The body must be sent as multipart/form-data. The file field must be named exactly image. The model identifier is passed only in the URL path; a model field in the form or using file instead of image is not accepted and returns HTTP 422 (Unprocessable Entity).

Do not set the Content-Type header manually for this request: with multipart, the HTTP library must add multipart/form-data and the boundary (otherwise you risk errors or an unreadable body).
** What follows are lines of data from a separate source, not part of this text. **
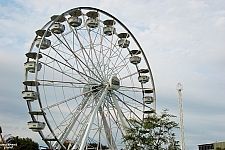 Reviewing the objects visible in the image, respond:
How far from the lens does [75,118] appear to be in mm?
27375

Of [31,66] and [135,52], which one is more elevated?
[135,52]

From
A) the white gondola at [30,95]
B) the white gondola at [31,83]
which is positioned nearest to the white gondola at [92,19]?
the white gondola at [31,83]

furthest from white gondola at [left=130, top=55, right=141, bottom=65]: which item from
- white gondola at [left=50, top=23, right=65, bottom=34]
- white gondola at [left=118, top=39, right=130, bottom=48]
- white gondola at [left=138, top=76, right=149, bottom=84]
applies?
white gondola at [left=50, top=23, right=65, bottom=34]

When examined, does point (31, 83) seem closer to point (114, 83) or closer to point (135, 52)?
point (114, 83)

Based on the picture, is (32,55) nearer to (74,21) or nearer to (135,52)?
(74,21)

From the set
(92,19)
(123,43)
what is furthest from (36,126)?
(123,43)

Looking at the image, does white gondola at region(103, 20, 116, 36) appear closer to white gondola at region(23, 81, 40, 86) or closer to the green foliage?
white gondola at region(23, 81, 40, 86)

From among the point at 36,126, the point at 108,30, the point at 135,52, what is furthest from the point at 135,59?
the point at 36,126

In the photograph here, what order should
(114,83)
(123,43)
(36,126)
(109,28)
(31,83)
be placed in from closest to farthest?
(36,126) → (31,83) → (114,83) → (109,28) → (123,43)

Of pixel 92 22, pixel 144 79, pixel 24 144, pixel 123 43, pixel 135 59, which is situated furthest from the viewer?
pixel 24 144

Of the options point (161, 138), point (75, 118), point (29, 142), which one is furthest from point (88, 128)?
point (29, 142)

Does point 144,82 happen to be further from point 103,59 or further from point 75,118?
point 75,118

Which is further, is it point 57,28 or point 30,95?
point 57,28

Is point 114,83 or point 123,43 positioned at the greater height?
point 123,43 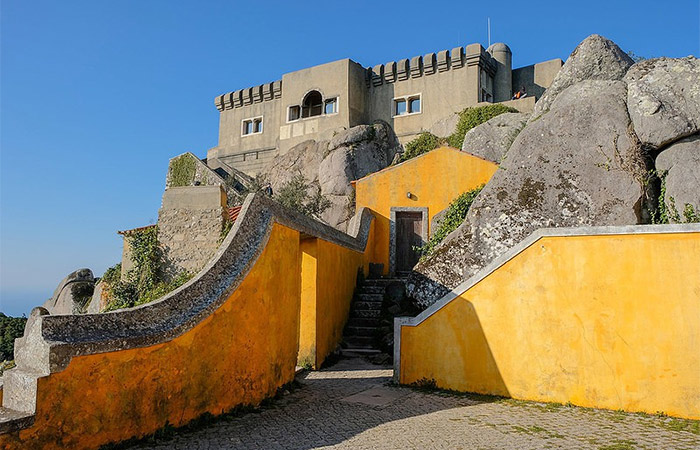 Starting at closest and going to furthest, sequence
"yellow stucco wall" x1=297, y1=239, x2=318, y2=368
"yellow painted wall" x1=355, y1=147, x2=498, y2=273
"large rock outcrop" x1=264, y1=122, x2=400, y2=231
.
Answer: "yellow stucco wall" x1=297, y1=239, x2=318, y2=368
"yellow painted wall" x1=355, y1=147, x2=498, y2=273
"large rock outcrop" x1=264, y1=122, x2=400, y2=231

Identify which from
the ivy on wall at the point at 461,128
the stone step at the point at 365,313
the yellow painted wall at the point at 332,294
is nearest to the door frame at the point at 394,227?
the yellow painted wall at the point at 332,294

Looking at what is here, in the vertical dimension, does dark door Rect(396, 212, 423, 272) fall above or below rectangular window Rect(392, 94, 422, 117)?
below

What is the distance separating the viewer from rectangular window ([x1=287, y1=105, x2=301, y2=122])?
3300 centimetres

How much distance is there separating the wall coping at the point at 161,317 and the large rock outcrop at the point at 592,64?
10167 millimetres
PARAMETER TYPE REQUIRED DEFAULT DESCRIPTION
image File Yes - Image or PDF file to analyze (multipart). Exact field name: image.
pdf_password string No - Optional. Password for a protected PDF.

Any other field name is rejected; do not send a model field in the form (the model is only in the URL path).

Supported file formats

Admission is based on file extension: only the values below are recognized by the decoding pipeline for this endpoint. Any other extension must be treated as unsupported.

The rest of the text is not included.